As talk of the recent Las Vegas mass shooting continues to circulate, there’s one voice that is attempting to speak to parents about the horrific attack so many bore witness to.

Whitney Fleming — author of the Facebook page Playdates on Fridays — has taken it upon herself to tackle the topic of parenting in an age when mass shootings have become an all-too-familiar event.

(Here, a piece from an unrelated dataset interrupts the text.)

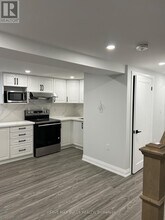 15 Golden Gate Dr in Brampton, ON - Building Photo - Building Photo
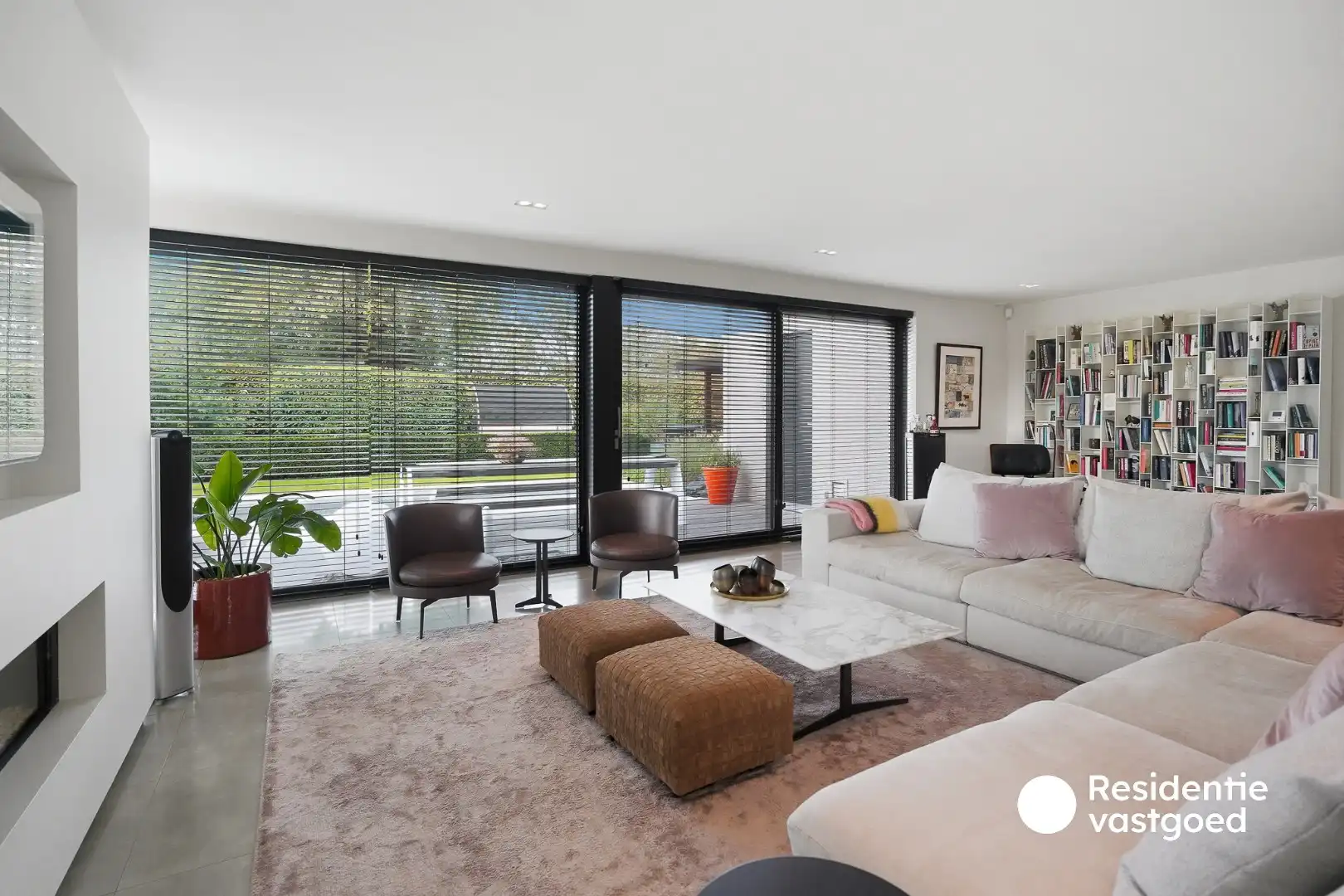 Exclusieve villa met zwembad en wellness! foto 8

“There are no safe places anymore, which is every parents’ worst nightmare,” she stated.

She opened her post with the story of 53-year-old Mike McGarry, who shielded his children during the attack, acknowledging the selfless act of love while admitting she will not always be around to shield her own children.

Then, she offered something every parent, and every American, can do today.

“Instead, I will go over — again — what my children should do if they ever encounter gunfire. I will explain to them when they should run, when they should hide, and when they should remain silent. I will prepare them for this world and pray they will never need to use the information.”

Her entire post can be viewed here:

It it, Fleming admits she is “not shocked that the deadliest mass shooting in our country happened last night, and I won’t be shocked when it happens again — because it will.”

However, Fleming did not go over what her political perspective is, or what solutions she would advocate.

“We won’t agree, so nothing will change,” she said, apparently believing that the growing division in the U.S. would prevent any solutions from actually becoming reality.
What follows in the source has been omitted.